Thread: Simple Graphs and Paths

This might seem easy, but im having trouble putting my proofs into words.

Let G = (V,E) be simple graph,

I need to prove for all vertices (x,y,z) of G, the follwoing are true:

1) There is a path from x to x.
2) If there is a path from x to y then there is path y -x.
3)If there is a path from x- y, and y-z then there is path x-z.

Now im not sure whats expected when proofing this.

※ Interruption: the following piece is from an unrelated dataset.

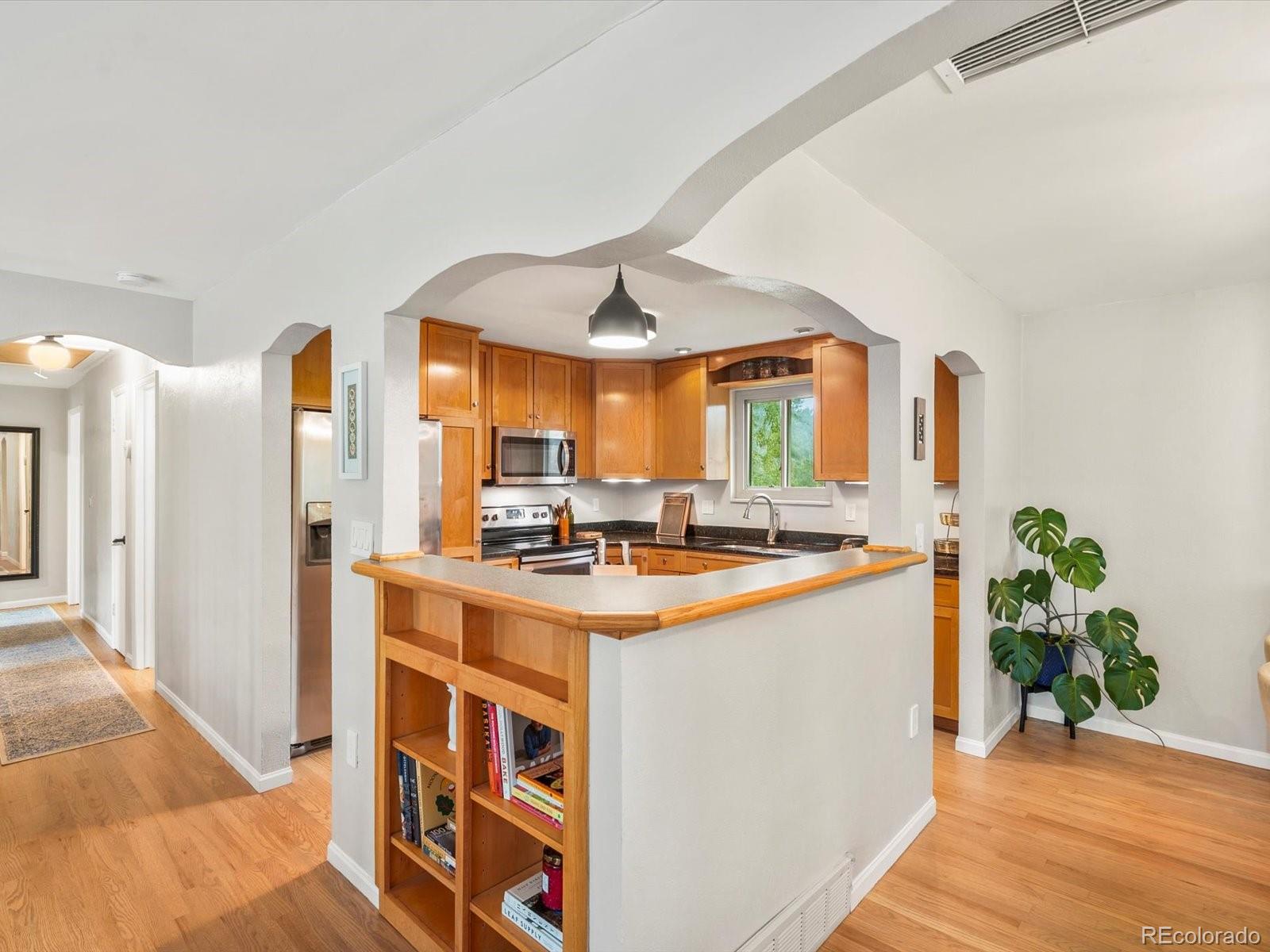 8324 Everett Way Arvada, CO 80005 - Photo 11 of 39 a kitchen with stainless steel appliances granite countertop a stove a refrigerator and a dining table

Do i just say a path from x to x exists since its a path to itself?
and...
if a path x-y exists then there is a path y- x because x and y are two connected vertices by a edge?
and..
if there is a path from x-y, and y-z then there is a path x-z since vertices x and y are connected by an edge, and y-z is connected by an edge, this provides a path from vertices x to z through vertices y.

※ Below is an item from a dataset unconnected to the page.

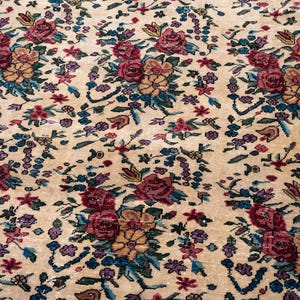 May include: Beige floral rug with a dark blue border. The rug features a repeating pattern of red, yellow, and purple flowers with green and blue leaves. The rug has a vintage, antique appearance.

Id like some feedback if possible thanks.

Just work from the definitions and find a path that satisfies the conditions.

1: You can take the vertice sequence {x} which starts and stops at x and exists by axiom.
2: if F: (a,b,...,z) is the path from x to y, then G: (z,...,b,a) is the path from y to x, which exists because every edge q in G exists by assumption since it exists in F.
3: if F: (a,b,...,m), G: (n,o...,z) are the respective paths from x to y and from y to z, then the path Ha,b,...,m,n,o,...,z) is the path from x to z, and all edges exist because they existed in F and G.

I couldn't be arsed with indices of the vertices, which you should use if you do this for homework, but using the alphabet is clearer.

General rule of thumb when solving these things: don't think too deeply and just construct the answers straight from the definition and question.